音ゲーの特訓

 意外なことに、〈マジカルフィーバー〉を最初に使いこなせるようになったのはユズちゃんだった。私よりも遥かに上手い。


「ユズちゃん、すごいね! もしかして、音ゲー経験者とか?」


「そ、そう~? ありがとう♪ 音ゲーはやったことが無いけど、昔ダンスを習ったことがあったの! だからリズムを刻むのはお任せあれ~!」


 しかしながら、ハルちゃんとリンちゃんは物凄く苦戦している。少し不安になるレベル……。


「ひ、ヒメちゃーん! 難しすぎる! こんなのできないよおお!」

「もうちょっと初心者向けのは無いの?」


「えーと、これが一番簡単な物で、アイドルになるともっと難しいギミックが出てくるよ……」


 その場で一回転とかね。


「ひええええー!」

「無理だ。私、アイドルは諦める」


「まだ一日目だし! 二人とも諦めないで!」



 こうして、長きにわたるマジカルフィーバ特訓が始まったのだった。


「ヒメちゃん! なにかコツとか無いの?」


「そうね……。ひたすらリズム感覚を鍛えるしかないかなあ。ユズちゃんはどう思う?」

「う~ん。判定線を注視しない、とか?」


 なるほど、それはいいアドバイスかもしれない。音ゲーの攻略法として、判定線よりも上をぼやーと眺めてノーツの配置を理解し、実際に押すのはリズムに頼る、なんて方法があるらしい。



 そして放課後。ダンジョンには行かない代わりに、ユズちゃんに誘われてダンスを練習する事になった。二人一組で踊るタイプのダンスだ。私はハルちゃんと組み、そして……。


「ユズ。今日はよろしく」


「はわわ。よ、よろしくね、リンちゃん!」


 ユズちゃんはリンちゃんと組んだ。リンちゃんに抱き着かれ顔を真っ赤にしているユズちゃん、かわいい! ちなみに、そんな状態でもユズちゃんはしっかりとダンスを踊れていた。



 次の日の朝、ダンジョンにて。


「まずはハルちゃんとリンちゃんの練習からしよっか。二人の魔力量が少なくなったら、今度は私とユズちゃんで〈マジカルフィーバー〉のデュエットを練習しよー!」


「今日こそ成功させるよ!」

「はあ、失敗する未来しかみえない」

「デュエットってことは、ヒメちゃんと手を握って発動するんだよね? 楽しみ~♪」



「まずは、ハルちゃん。丁度敵が出てきたし、早速やってみよう! 今朝話したコツは覚えてる?」


「判定線を見過ぎず、音符の流れをぼんやりと把握する、だよね? やってみる!」


 チャンチャララ、チャララチャラララ~


 音楽に合わせて音符型の魔法を敵に飛ばすハルちゃん。最初は緊張しているのか体が硬かったけど、徐々に慣れてきたのかリズムに合わせて体を動かすようになってきた。

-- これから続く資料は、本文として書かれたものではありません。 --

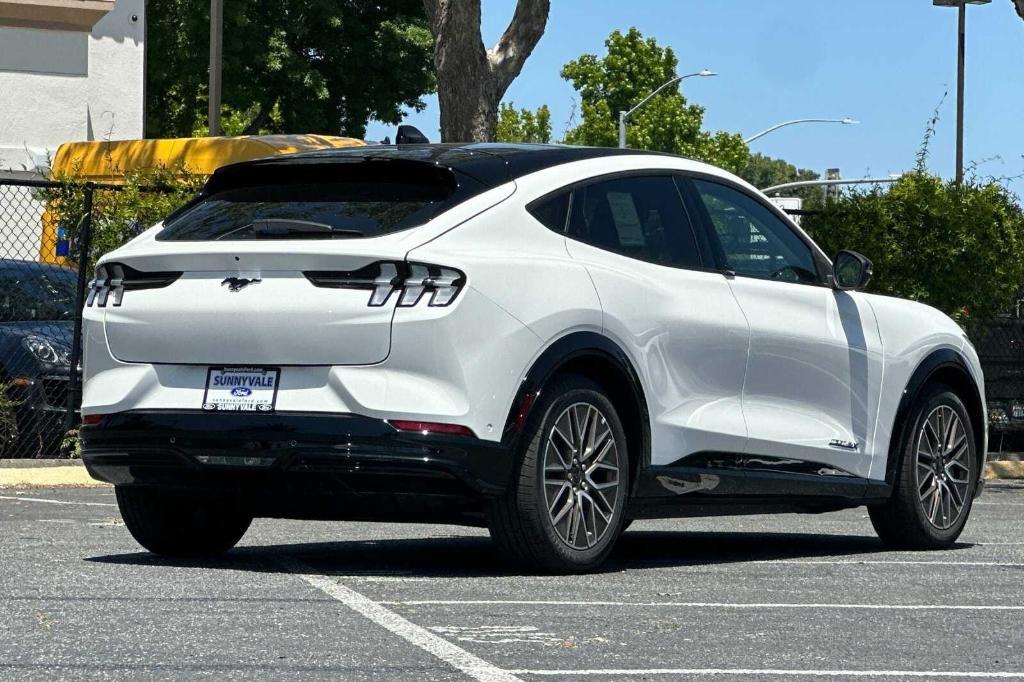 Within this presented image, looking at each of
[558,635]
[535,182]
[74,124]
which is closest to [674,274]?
[535,182]

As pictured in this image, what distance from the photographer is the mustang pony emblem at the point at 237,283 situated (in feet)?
24.3

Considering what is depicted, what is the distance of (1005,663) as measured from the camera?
584cm

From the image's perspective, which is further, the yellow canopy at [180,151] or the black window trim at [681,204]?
the yellow canopy at [180,151]

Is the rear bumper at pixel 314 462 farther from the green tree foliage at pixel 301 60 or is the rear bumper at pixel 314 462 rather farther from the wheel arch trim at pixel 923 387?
the green tree foliage at pixel 301 60

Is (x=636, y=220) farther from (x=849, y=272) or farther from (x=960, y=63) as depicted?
(x=960, y=63)

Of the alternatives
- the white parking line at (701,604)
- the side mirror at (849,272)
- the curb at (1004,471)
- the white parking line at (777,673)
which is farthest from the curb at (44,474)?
the white parking line at (777,673)

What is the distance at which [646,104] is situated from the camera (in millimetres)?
73250

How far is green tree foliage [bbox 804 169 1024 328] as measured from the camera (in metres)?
16.3

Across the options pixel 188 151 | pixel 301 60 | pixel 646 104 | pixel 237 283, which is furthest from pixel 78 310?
pixel 646 104

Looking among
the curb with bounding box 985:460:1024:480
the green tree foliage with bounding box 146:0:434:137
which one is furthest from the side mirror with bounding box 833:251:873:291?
the green tree foliage with bounding box 146:0:434:137

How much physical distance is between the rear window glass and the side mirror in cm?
240

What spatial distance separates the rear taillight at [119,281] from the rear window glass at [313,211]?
0.21 m

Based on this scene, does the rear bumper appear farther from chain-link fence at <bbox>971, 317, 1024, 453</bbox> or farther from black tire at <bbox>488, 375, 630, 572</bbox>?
chain-link fence at <bbox>971, 317, 1024, 453</bbox>

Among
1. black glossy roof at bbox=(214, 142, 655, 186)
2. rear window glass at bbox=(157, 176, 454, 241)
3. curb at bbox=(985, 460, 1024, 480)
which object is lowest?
curb at bbox=(985, 460, 1024, 480) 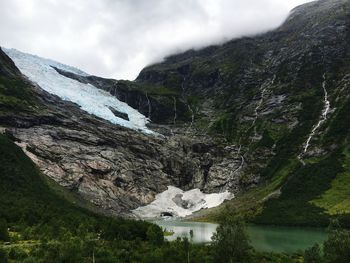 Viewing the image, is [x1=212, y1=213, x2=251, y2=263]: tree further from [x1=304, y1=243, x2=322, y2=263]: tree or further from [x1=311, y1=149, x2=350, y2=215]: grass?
[x1=311, y1=149, x2=350, y2=215]: grass

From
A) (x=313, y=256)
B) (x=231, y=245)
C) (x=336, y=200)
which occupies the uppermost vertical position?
(x=336, y=200)

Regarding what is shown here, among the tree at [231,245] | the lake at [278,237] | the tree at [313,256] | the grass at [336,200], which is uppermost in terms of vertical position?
the grass at [336,200]

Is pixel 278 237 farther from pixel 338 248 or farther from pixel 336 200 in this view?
pixel 338 248

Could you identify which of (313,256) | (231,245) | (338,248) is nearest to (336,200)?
(313,256)

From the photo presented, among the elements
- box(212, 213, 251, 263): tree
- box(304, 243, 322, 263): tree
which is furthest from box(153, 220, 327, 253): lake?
box(304, 243, 322, 263): tree

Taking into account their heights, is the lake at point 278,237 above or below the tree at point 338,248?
above

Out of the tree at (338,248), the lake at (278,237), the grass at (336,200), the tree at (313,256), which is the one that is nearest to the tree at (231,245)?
the tree at (313,256)

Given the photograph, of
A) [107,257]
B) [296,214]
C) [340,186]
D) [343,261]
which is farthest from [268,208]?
[343,261]

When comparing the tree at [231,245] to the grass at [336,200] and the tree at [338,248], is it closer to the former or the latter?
the tree at [338,248]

 今の所、パーフェクト(誤差0.01秒以内)が5%くらい、セーフ(誤差0.025秒以内)が90%、0.05秒以内が5%ってところかな? ちょっと危ういけど、上手くリズムを刻めているように見える。少なくとも昨日よりは格段に上手になっている。


「あ、魔物が! やった!」


 そして、なんとハルちゃんは一人で魔物のHPを削り切る事に成功した。まだまだ完璧とは言えないけど、悪くないわ!


「ヒメちゃんー! やった、倒せたよ!」


「おめでとう、凄く上達してたね!! あと一か月もすれば、フルコンボ達成も夢じゃないかな?」


「あ、あと一か月……頑張る!」



 次はリンちゃんの番だ。リンちゃんは自分の心臓に手を当てて深呼吸している。


「スーハー。スーハー。大丈夫、私なら出来る。私なら出来る」


 リンちゃん、凄く緊張してる。このままじゃあ、自分の実力を発揮できないかもしれない。どうにかして緊張をほぐしてあげないと。そうだ!


「ユズちゃん、出番だよ!」

「え?」

「リンちゃんに正面からぎゅって抱き着いてあげて」

「そ、そんな事出来ないよ~!」

「いいからいいから」


 私はポンとユズちゃんの背中を押す。ユズちゃんは少し躊躇った後、覚悟を決めたのかトテトテとリンちゃんの横に向かった。


「何、ユズ?」

「あ、あの! リンちゃん!」

「?」

「そ、その~。えい!」


 ユズちゃんはギュッとリンちゃんに抱き着いた。突然の行動に驚くリンちゃん。


「急に何?」

「リンちゃん、緊張してたから……。ごめん、嫌だった……?」

「そんな事は無い。ちょっとびっくりしただけ。うん、ありがと。おかげでだいぶ緊張がほぐれたよ。ありがと、ユズ」

「リンちゃん……! リンちゃん♪」

「ちょっと///」


 なんか最近、こういう展開多くない? いや、今回のは私がけしかけたんだけどさあ。なんだか悔しかったので、私は隣にいたハルちゃんに抱き着いた。


「ヒメ?」


 上目づかいで私を見上げてくるハルちゃん。は! 私ってば、何を……。

 ごまかすために、私はハルちゃんの頭をなでる。


「よしよしー!」

「えへへ、ヒメちゃん、くすぐったいよー!」



 この後、リンちゃんがマジカルフィーバーを使った所、魔物を倒すには至らなかったけど昨日よりははるかに良くなっていた。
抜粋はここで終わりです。